Она была странная натура — необычайно разговорчивая, ее считали болтливой, и в детстве папа звал ее сорокой, одновременно ее отличала ужасная скрытность, ведь ни разу в жизни она ни с кем из близких не говорила о том, что происходит у нее на сердце. Все три замужества ее были разумны, она выходила за людей старше себя, за людей обеспеченных, очень образованных, с положением в жизни. Но была ли она счастлива со своими мужьями? Они были людьми разными, но все они не пили, не курили, не ходили в гости и в театры, были бережливы, и все они, как и Ксения Александровна, любили красивые, изящные вещи. Может быть, они поэтому и влюблялись в Ксению Александровну — она ведь была очень красива и, даже растолстев и поседев, сохранила очарование. Ее изящная седая голова так гармонировала с красивыми предметами, окружавшими ее.

— Ксенюшка, Ксеня, почему ты плачешь...

И так странно среди фарфора, хрусталя выглядели аптечные склянки, надломленные пантопонные ампулы, рваная марля, клочья ваты и жалкие дешевенькие бусы на груди Ксении Александровны.
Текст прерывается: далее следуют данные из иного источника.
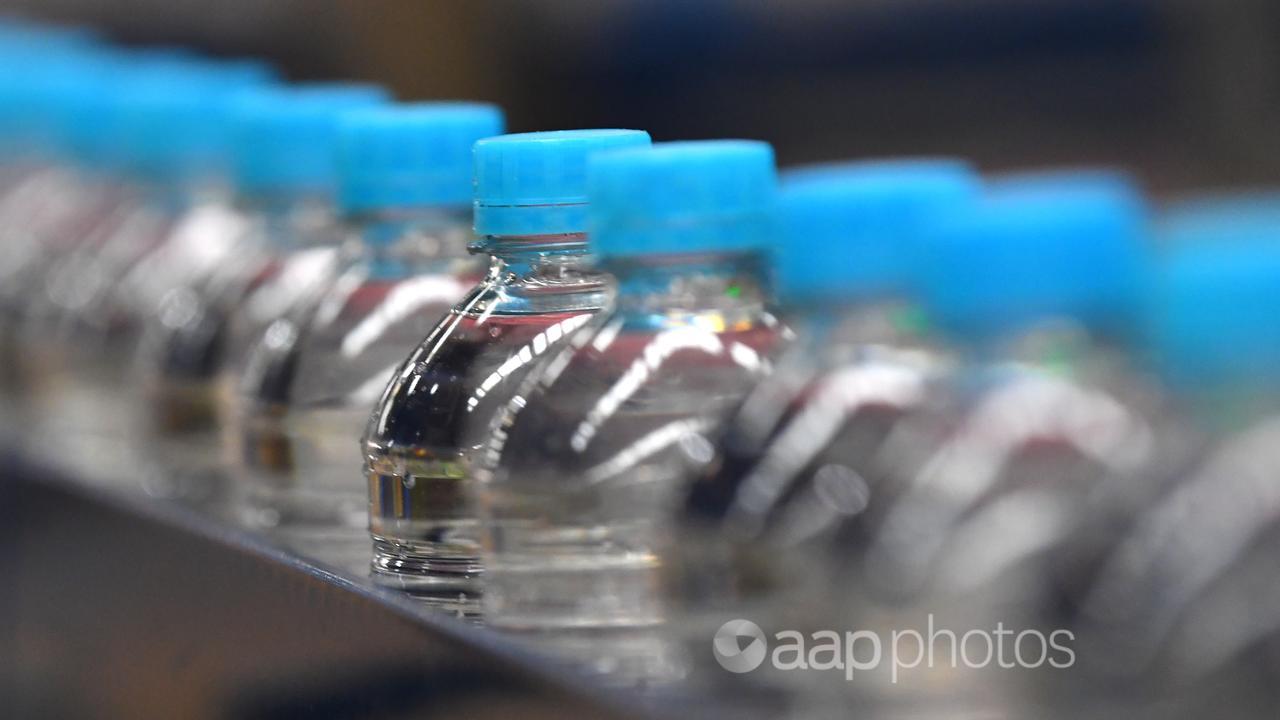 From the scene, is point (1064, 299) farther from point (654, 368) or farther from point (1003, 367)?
point (654, 368)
И умирая Ксения Александровна не нарушила свою скрытность — сестра не знала, почему слезы текут по ее щекам, почему надела она перед смертью эти жалкие, стеклянные бусы... Плакала ли она в свой смертный час о том, что прожила жизнь без счастья? Или она плакала от боли, так стонет, скрипит, льет сок и смолу и слезы сломанное, падающее дерево?

Об этом никто не узнал.

В четыре часа десять минут она перестала дышать. Робко, едва-едва заметно на измученном лице из бездны страдания всплыла улыбка. Впервые за много недель на лице мученицы появилось выражение покоя. Смерть осушила ее слезы. Не стало в ее душе сожалений и страданий. Не стало ее души. Не стало ее разума. Не стало ее памяти о прошлом. Не стало страха перед будущим и надежды на будущее. Наступила тишина, отсутствие тепла, холода...
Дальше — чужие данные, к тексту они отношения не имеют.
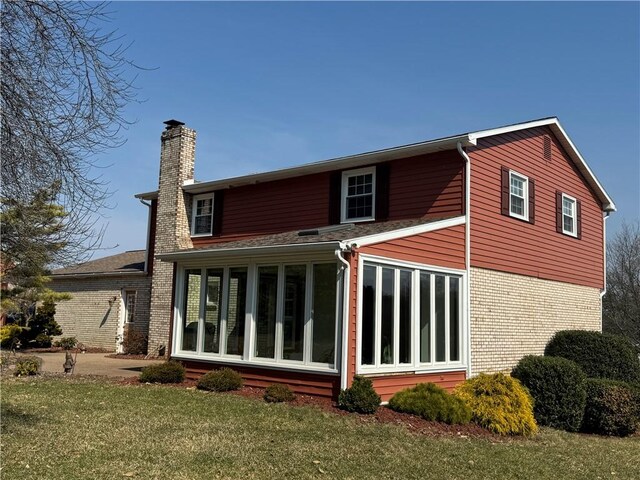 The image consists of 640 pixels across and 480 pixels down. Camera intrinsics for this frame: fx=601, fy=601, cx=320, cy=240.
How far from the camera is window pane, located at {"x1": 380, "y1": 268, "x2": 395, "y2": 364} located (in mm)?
11312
Так поразительно, так странно, — ведь самое маленькое, крошечное событие связано с действием. Божья коровка всползла на травинку, травинка вздрогнула, качнулась. Листочек зашевелился, подул крошечный ветерок, камушек упал на землю, и человек оглянулся: «А, камушек упал на землю». Но в тишине совершается огромное событие смерти, — рушится необъятная вселенная, обваливается небесный свод, рассыпаются горы, расторгается земля, и ни ветерка, ни шороха. Так странно: сотни высоких парусов при дивном безветрии упруго наполнились, и жизнь ушла, растворилась в просторе океана, и нет на соленой воде следа ее, и нет ветерка, и в то же время кричат птицы, галдят дети, стучит маятник, бежит секундная стрелка, мухи жужжат на стекле, и вот дребезжит стекло, подрагивают стены: под землей тяжело мчится поезд метро...

И все, все как прежде — и кольцо с изумрудом возле золотых часиков, и бедные бусы на груди мертвой старухи.

Варвара Александровна не заплакала, вглядывалась в затаившую дыхание сестру. Дочь и племянница молча глядели на Варвару Александровну... О чем думала она, что чувствовала, глядя на переставшую дышать седую старуху, которую так ясно, точно это было вчера, помнила девочкой? .. Смерть огромна, как жизнь.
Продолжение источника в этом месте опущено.